Transcribe each line below verbatim; pictures excluded.

### Data excerpt
::::::::

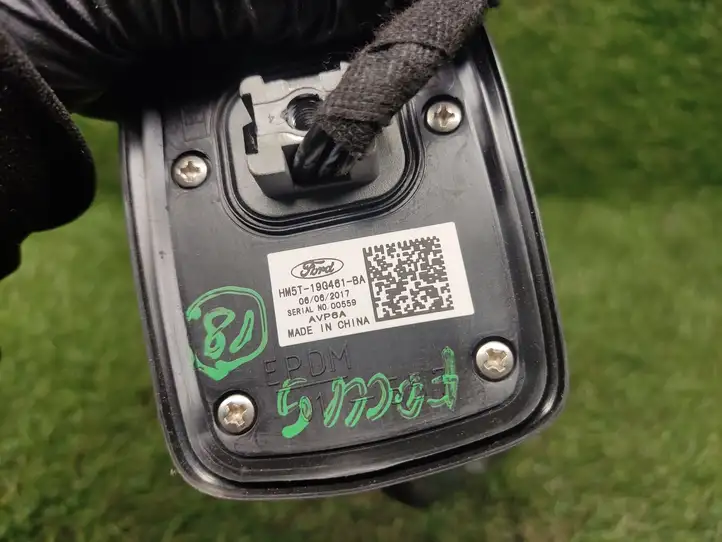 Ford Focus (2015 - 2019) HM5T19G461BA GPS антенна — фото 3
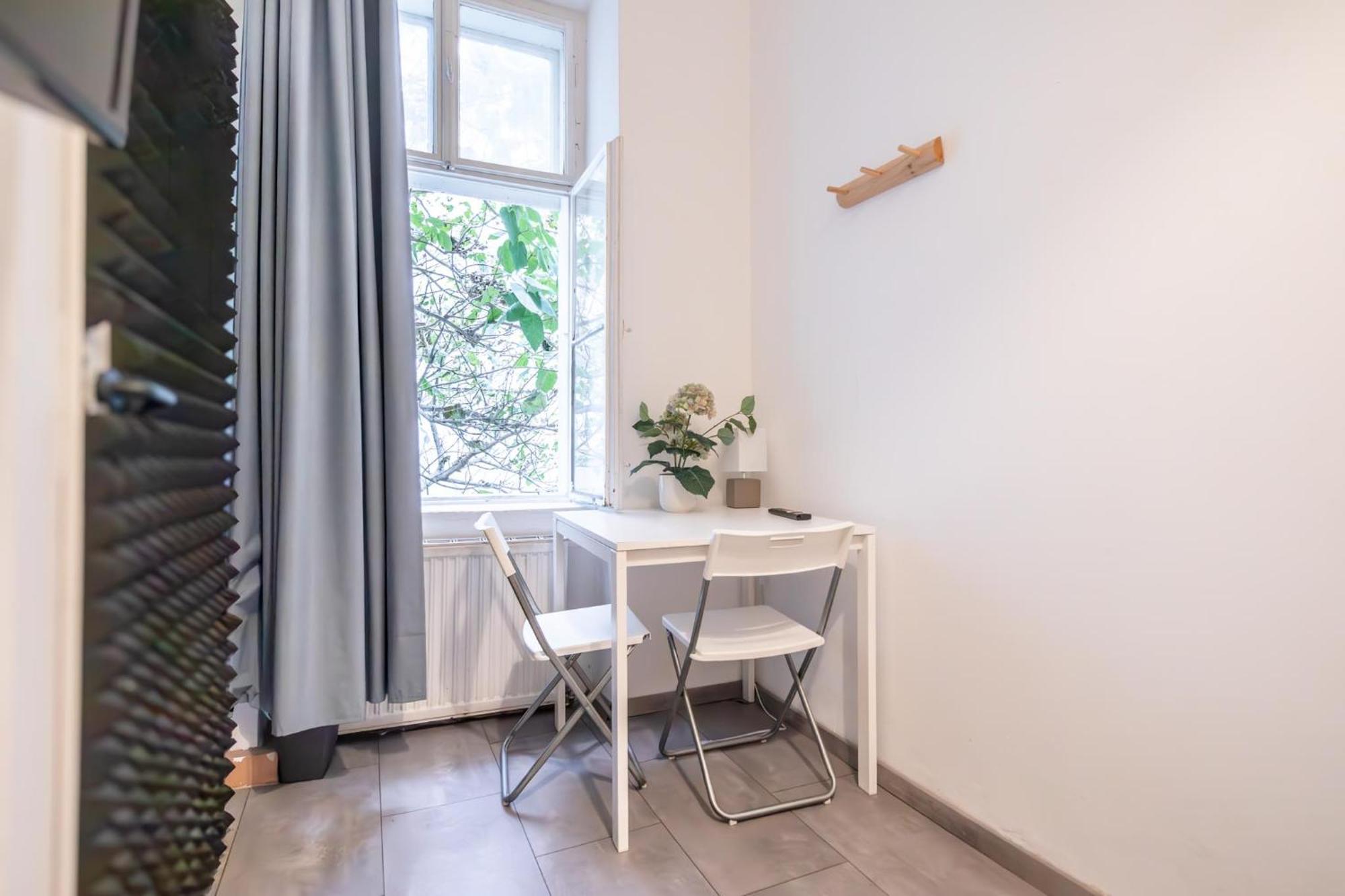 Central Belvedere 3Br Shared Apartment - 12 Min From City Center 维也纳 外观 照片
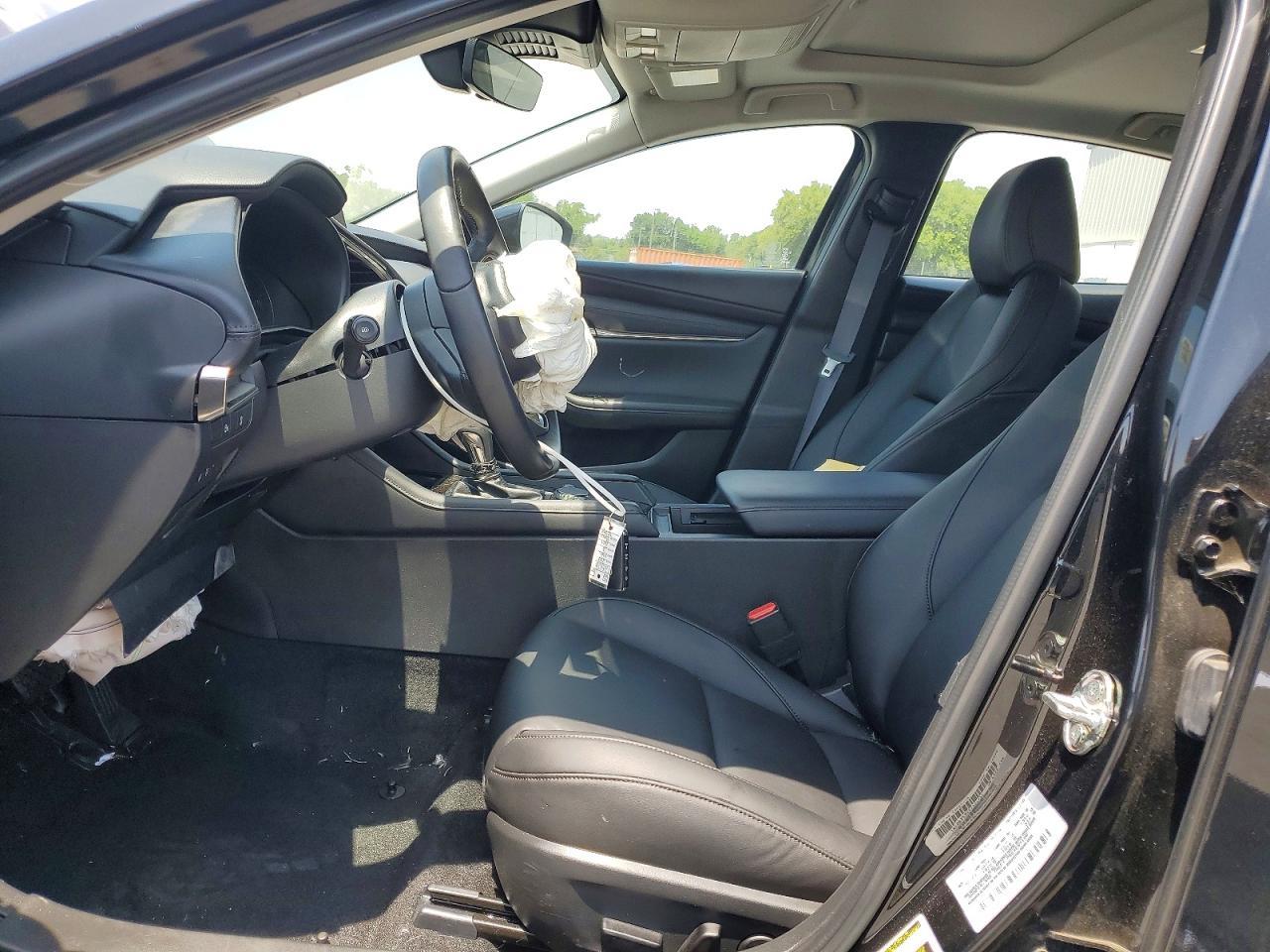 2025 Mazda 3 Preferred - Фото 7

::::::::

### Answer space
 Ford Focus (2015 - 2019) HM5T19G461BA GPS антенна — фото 3
 Central Belvedere 3Br Shared Apartment - 12 Min From City Center 维也纳 外观 照片
 2025 Mazda 3 Preferred - Фото 7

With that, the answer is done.